Héctor de Santa Ana, gerente de exploración y producción de ANCAP, informó que el ente será "expeditivo" en procesar los contratos con la argentina YPF y la estadounidense Schuepbach Energy, para que ya estén perforando sus pozos en el primer semestre de 2012. Luego del acuerdo entre las empresas y ANCAP, los contratos requieren aprobación del Ministerio de Industria y de la Presidencia antes de que puedan comenzar las tareas de perforación. Es probable que se planteen objeciones de tipo ambiental en las zonas afectadas. Pero a menos que tengan un fundamento irrebatible, es necesario que los organismos oficiales actúen con máxima diligencia en habilitar los trabajos para tratar de escapar a nuestra actual dependencia de las costosas compras de hidrocarburos en el exterior. En caso de encontrarse petróleo o gas, ANCAP se asociará con las empresas privadas por partes iguales, además de lo cual pagarán al Estado un canon anual.
Schuepbach es la que está más adelantada en los trabajos. En tareas de prospección ya descubrió rocas generadoras de petróleo a solo 400 metros de profundidad en la zona de Achar, en Tacuarembó. Fue una señal alentadora, aunque los yacimientos se encontrarían a profundidades mayores. Como resultado de los estudios ya realizados, Schuepbach ha propuesto en su contrato con ANCAP perforar en dos bloques que abarcan zonas de Tacuarembó, Durazno y Salto. YPF, por su parte, buscará petróleo en otras zonas de Salto y en Artigas.
Continúa, entre tanto, la ronda Uruguay, iniciada hace tres años para interesar a consorcios privados y concretar acuerdos para iniciar la prospección en la plataforma marítima. De Santa Ana informó que 16 empresas petroleras internacionales ya pagaron US$ 19 millones por los estudios sísmicos que indican la presencia de hidrocarburos. Pero hasta el momento solo una se presentó para obtener la calificación exigida por el gobierno.
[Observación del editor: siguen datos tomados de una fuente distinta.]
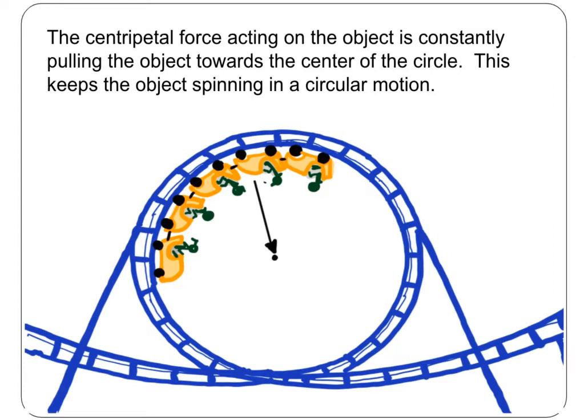The centripetal force acting on the ball is constantly pulling the ball towards the center of the circle where you are holding the string. This keeps the ball spinning in a circular motion.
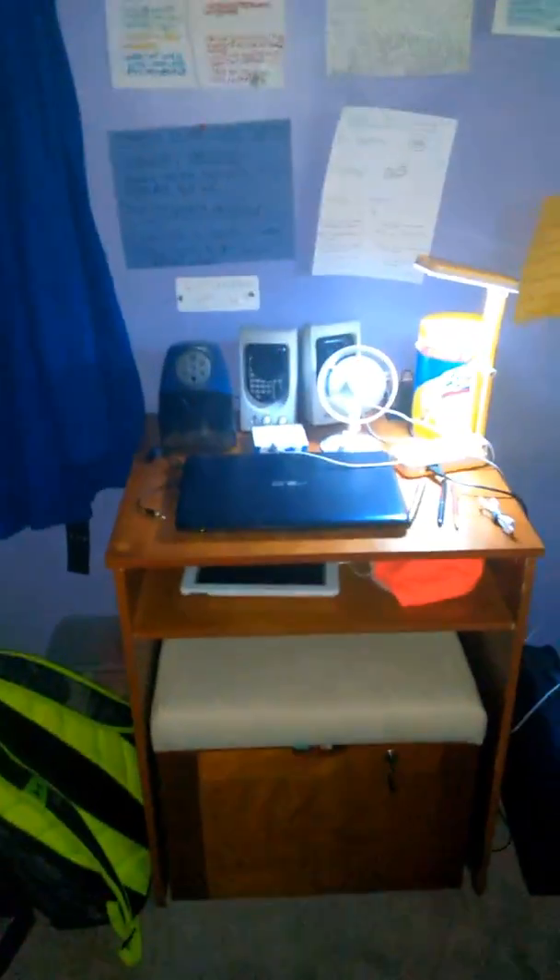Yo yo yo, what's up? It's Orange Juice TV, and today I got here my new desk that I actually had to disassemble, which took like an hour — or 30, 40, 50 minutes. But yeah, this is my new desk.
La razón es que las petroleras se mueven con pies de plomo en este tipo de emprendimientos, porque las inversiones en la plataforma marítima, que pueden llegar a 6.000 o más metros de profundidad, son de alto riesgo, con apenas entre 5% y 7% de posibilidad de encontrar yacimientos marítimos cuya explotación sea viable y rentable. El porcentaje es mucho menor que en tierra firme. Pero todo apunta, especialmente las exploraciones en el interior, a ponernos algo más cerca de disponer de petróleo propio y ahorrar los miles de millones de dólares que gasta el país en comprarlo en los volátiles mercados internacionales. Es de esperar, eso sí, que si se obtiene petróleo, no se dilapiden esos recursos como han hecho muchos países y como hemos hecho en Uruguay en el pasado y en el presente con expansiones inusitadas del gasto público.